**PROBLEM REQUIREMENTS**
The records below need to come back exactly as they are, pictures omitted.
--
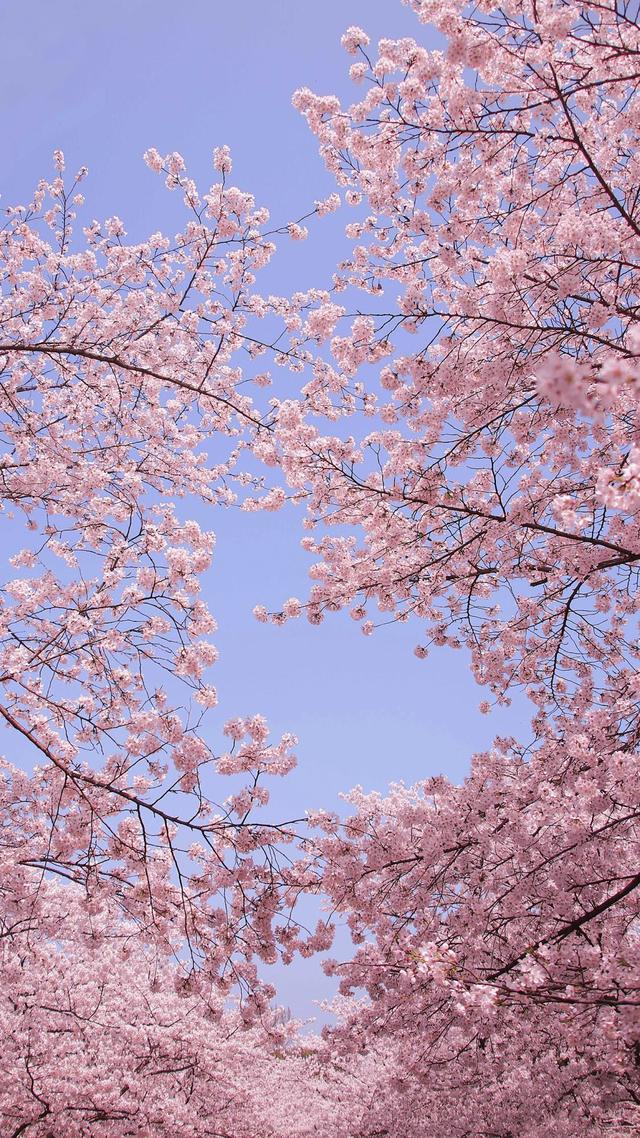 手机壁纸唯美图片,高清图片手机壁纸(唯美手机锁屏风景壁纸)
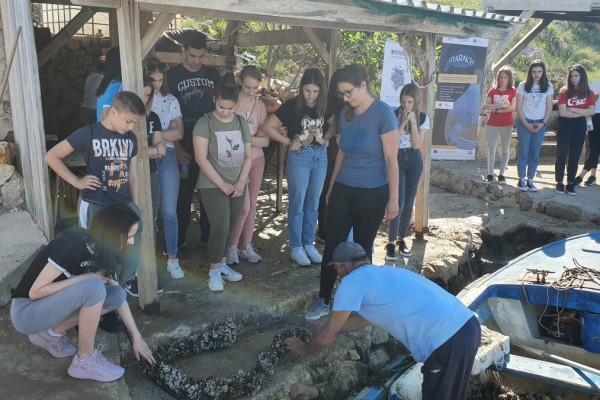 "Očuvanje Tradicije, Akvakulture i Ribarstva Novigrada, Obrovca i Starigrada" - OTARNOS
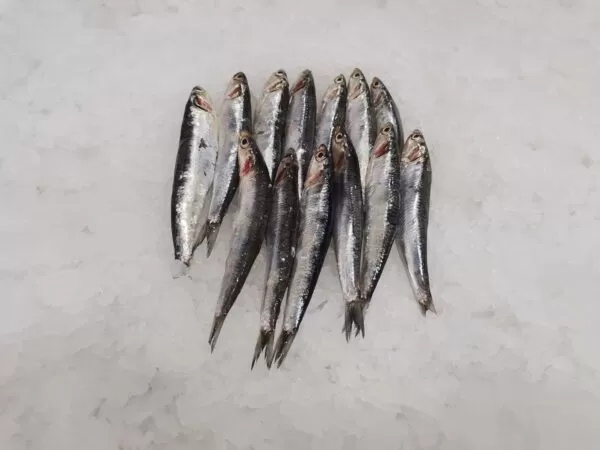 ANCHOIS
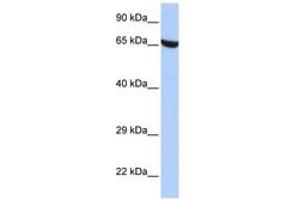 ZNF528 Antikörper  (AA 396-445)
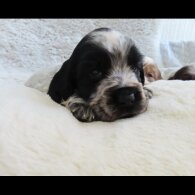 Cocker Spaniel (Show)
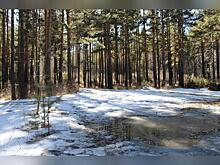 В Приморье ожидаются сильные дожди на фоне продолжающегося половодья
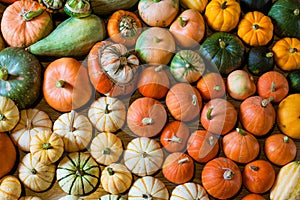 Autumn harvest of squshes and pumpkins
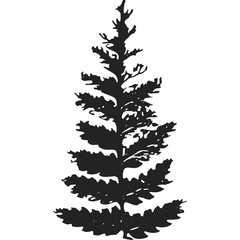 Black Silhouette Of A Tall Evergreen Tree With Dense Needles On A White Background No Animals Present No Faces Visible No Defects Found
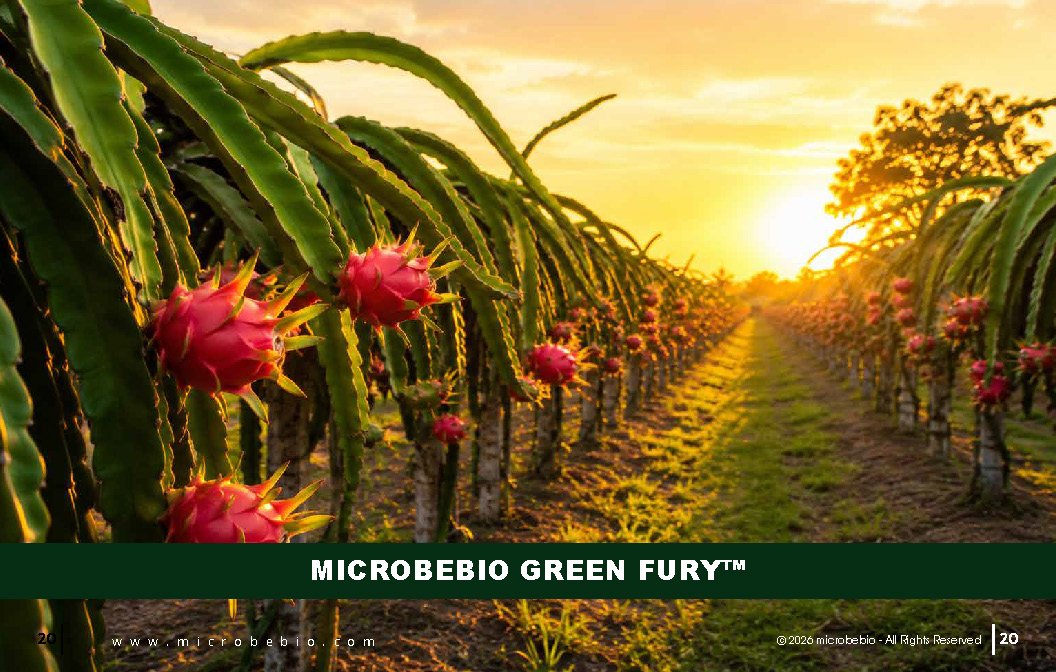 Microbebio - Integrated Crop Enhancement System_Page_20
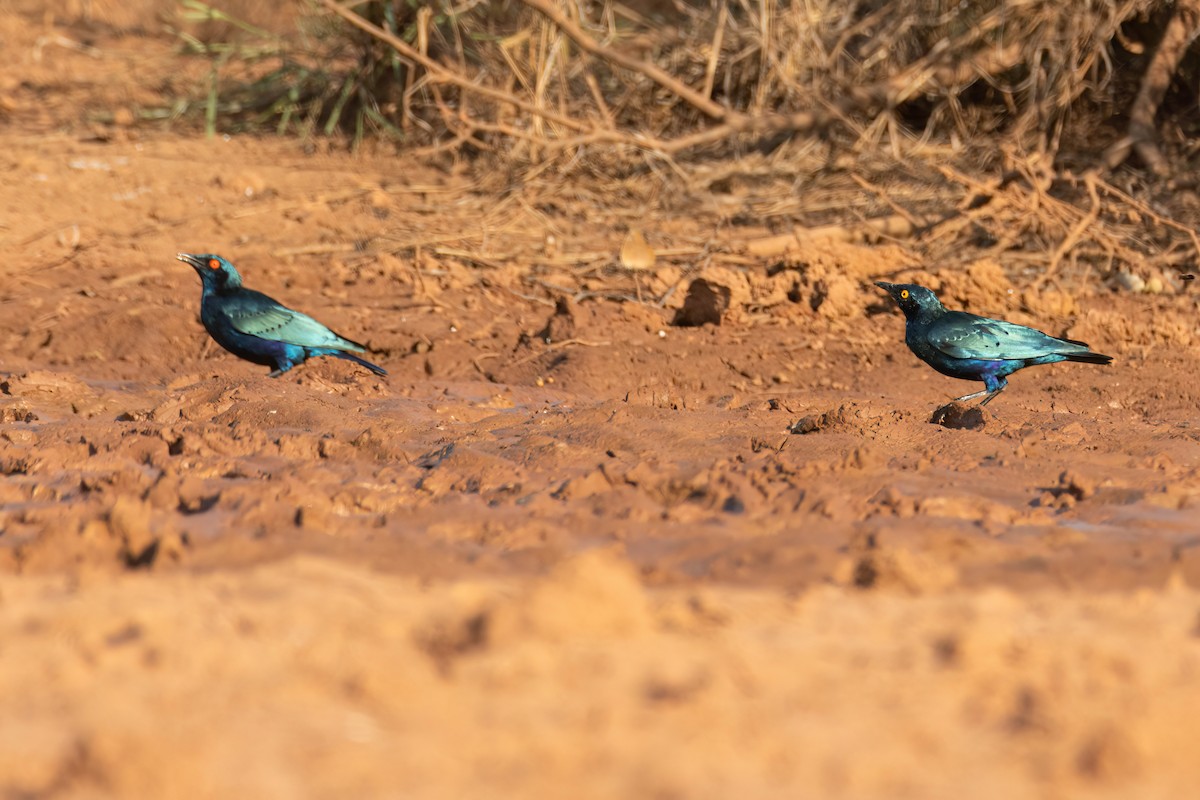 Bronze-tailed Starling - ML646050713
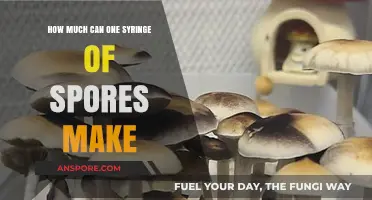 Maximizing Mushroom Yield: One Syringe of Spores Potential Explored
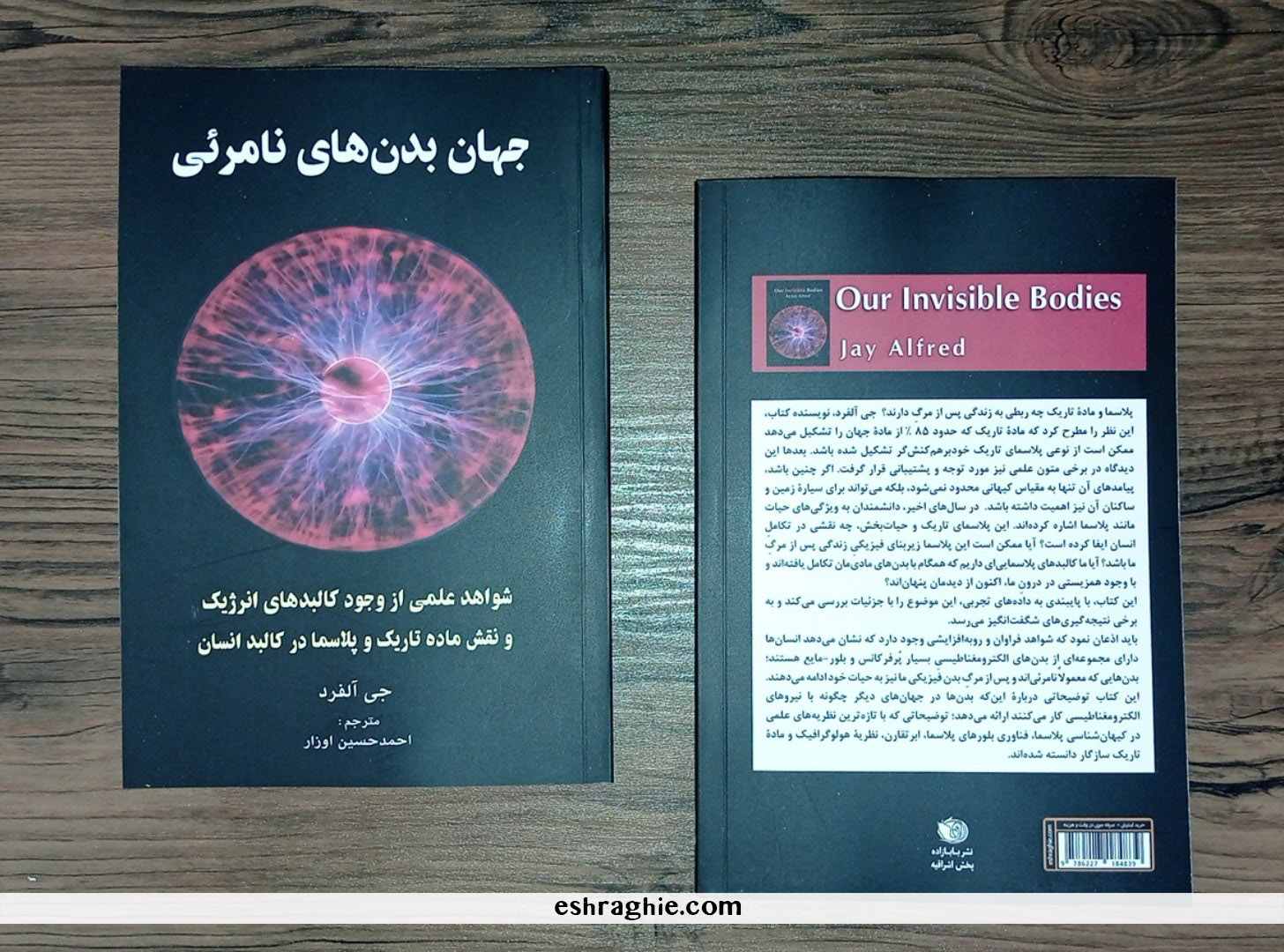 کتاب جهان بدن های نامرئی - ترجمه کتاب The Invisible Bodies - نشر اشراقیه
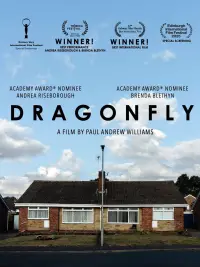 Poster to the movie "Dragonfly" #692829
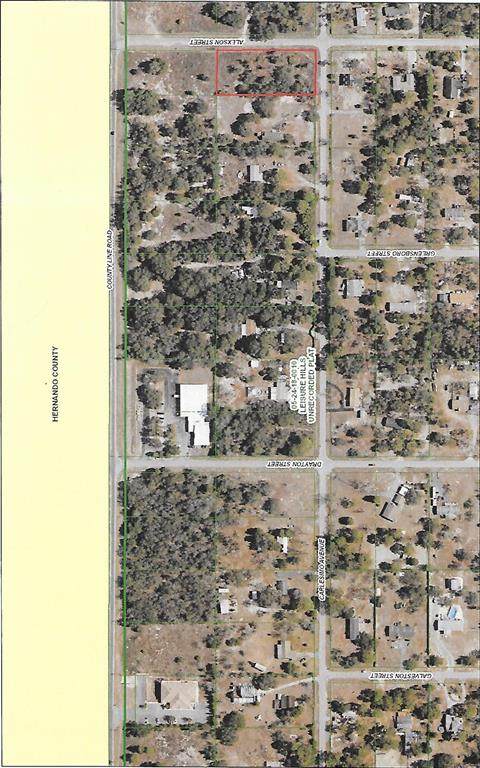 17203 Carlesimo Avenue - Photo 1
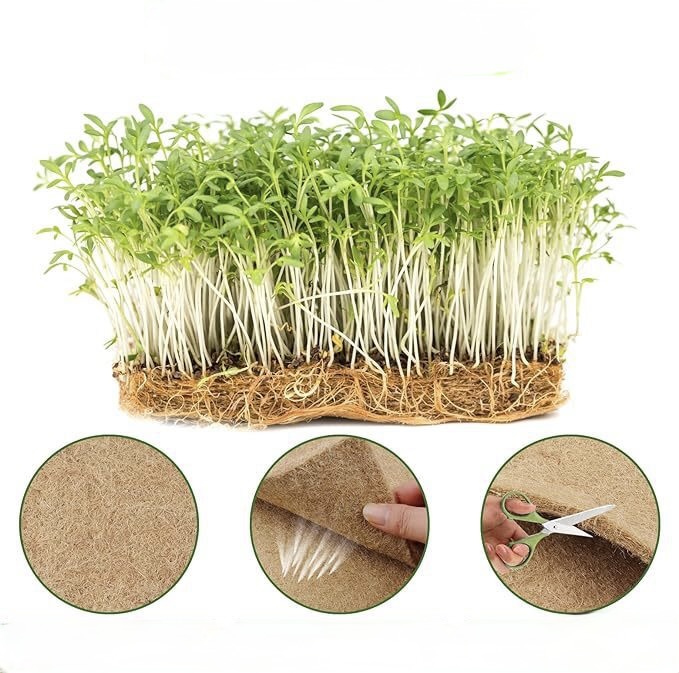 MATA OGRODNICZA KOKOSOWA DO KIEŁKOWANIA TRAWY KIEŁKÓW HYDROPONIKA 50x50cm Microgreens 500g/m2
--
**ANSWER TO THIS PROBLEM**
 手机壁纸唯美图片,高清图片手机壁纸(唯美手机锁屏风景壁纸)
 "Očuvanje Tradicije, Akvakulture i Ribarstva Novigrada, Obrovca i Starigrada" - OTARNOS
 ANCHOIS
 ZNF528 Antikörper  (AA 396-445)
 Cocker Spaniel (Show)
 В Приморье ожидаются сильные дожди на фоне продолжающегося половодья
 Autumn harvest of squshes and pumpkins
 Black Silhouette Of A Tall Evergreen Tree With Dense Needles On A White Background No Animals Present No Faces Visible No Defects Found
 Microbebio - Integrated Crop Enhancement System_Page_20
 Bronze-tailed Starling - ML646050713
 Maximizing Mushroom Yield: One Syringe of Spores Potential Explored
 کتاب جهان بدن های نامرئی - ترجمه کتاب The Invisible Bodies - نشر اشراقیه
 Poster to the movie "Dragonfly" #692829
 17203 Carlesimo Avenue - Photo 1
 MATA OGRODNICZA KOKOSOWA DO KIEŁKOWANIA TRAWY KIEŁKÓW HYDROPONIKA 50x50cm Microgreens 500g/m2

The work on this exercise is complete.